From the line containing "Ranger Panties, Headquarters" to the line containing "Постер: Brendan Gleeson's" in the records below, set down every line exactly as it stands, both ends included, and skip the pictures.

DATA PROVIDED →
◇ ◇ ◇

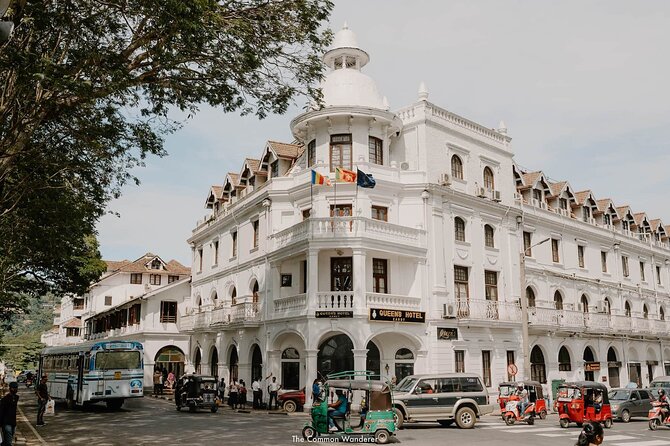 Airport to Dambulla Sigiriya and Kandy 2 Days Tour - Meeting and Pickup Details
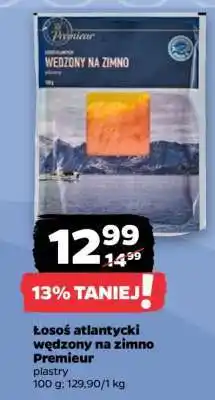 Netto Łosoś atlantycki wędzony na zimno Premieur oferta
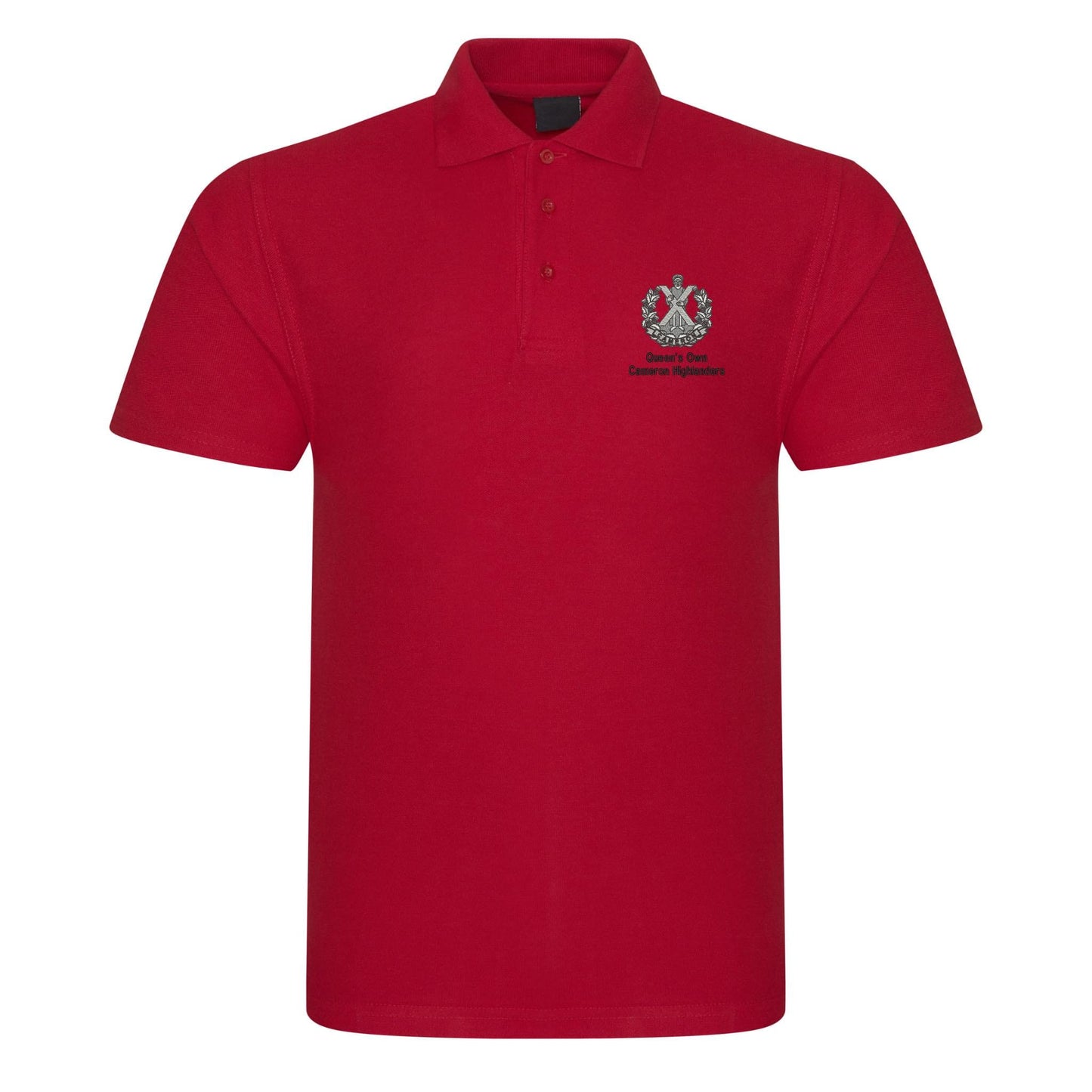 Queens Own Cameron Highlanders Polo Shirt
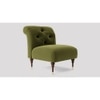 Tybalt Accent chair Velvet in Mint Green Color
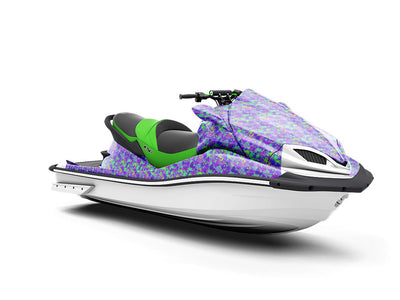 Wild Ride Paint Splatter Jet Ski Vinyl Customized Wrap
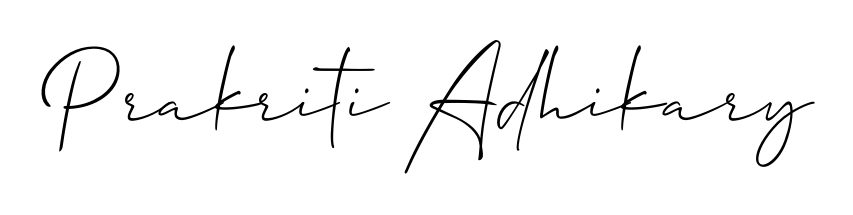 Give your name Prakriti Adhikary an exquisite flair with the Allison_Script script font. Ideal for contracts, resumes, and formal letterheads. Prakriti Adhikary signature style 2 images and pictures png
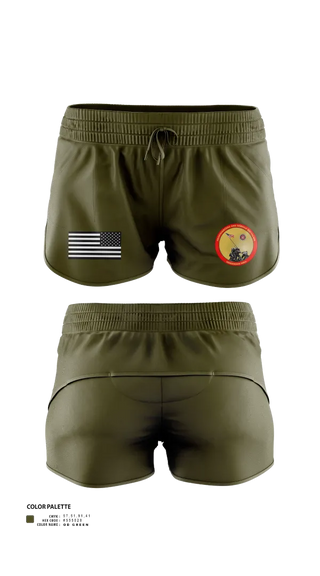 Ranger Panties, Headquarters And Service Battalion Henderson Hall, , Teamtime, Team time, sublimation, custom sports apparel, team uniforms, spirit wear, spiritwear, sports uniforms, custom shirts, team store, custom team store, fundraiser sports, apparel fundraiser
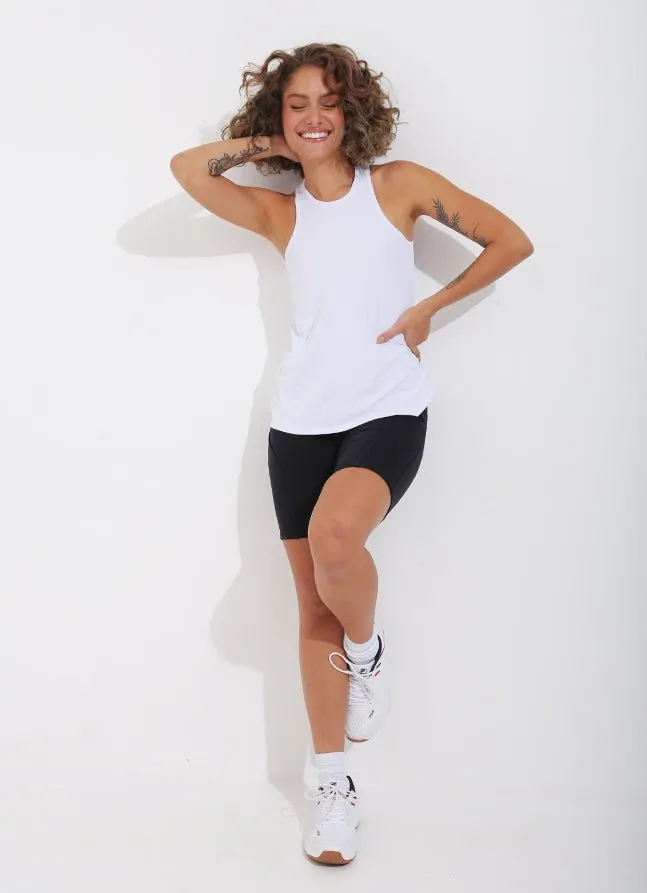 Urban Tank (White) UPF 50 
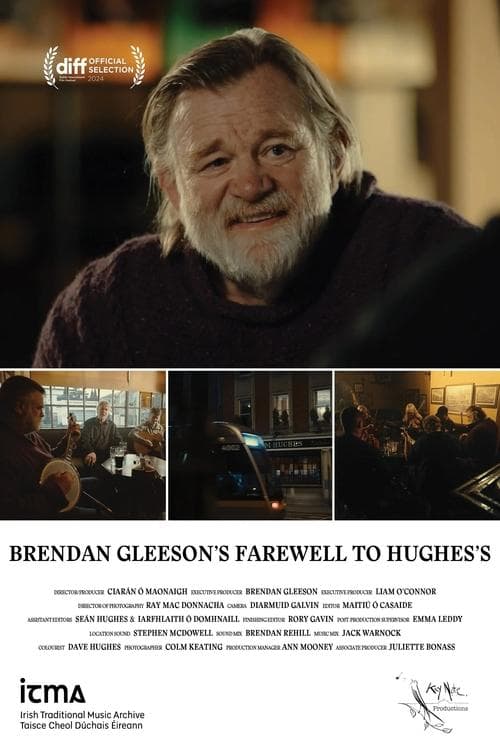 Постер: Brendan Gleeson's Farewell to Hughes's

◇ ◇ ◇

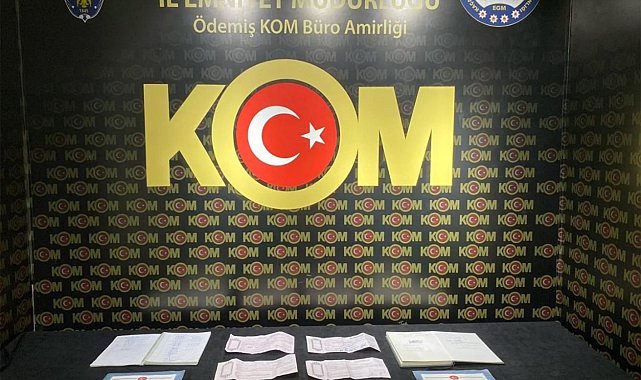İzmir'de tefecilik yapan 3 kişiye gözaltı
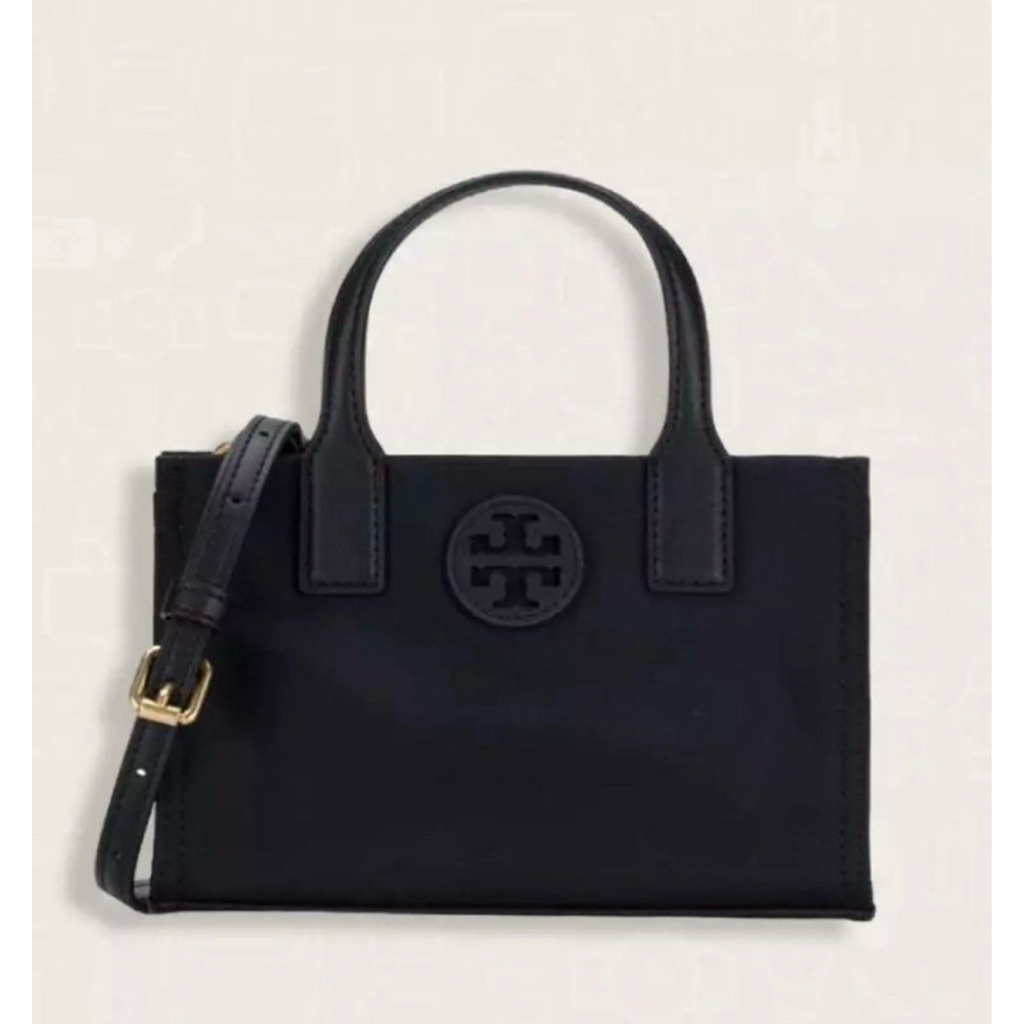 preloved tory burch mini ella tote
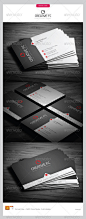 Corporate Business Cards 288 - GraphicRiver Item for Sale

◇ ◇ ◇

SOLUTION TO THE PROBLEM →
 Ranger Panties, Headquarters And Service Battalion Henderson Hall, , Teamtime, Team time, sublimation, custom sports apparel, team uniforms, spirit wear, spiritwear, sports uniforms, custom shirts, team store, custom team store, fundraiser sports, apparel fundraiser
 Urban Tank (White) UPF 50 
 Постер: Brendan Gleeson's Farewell to Hughes's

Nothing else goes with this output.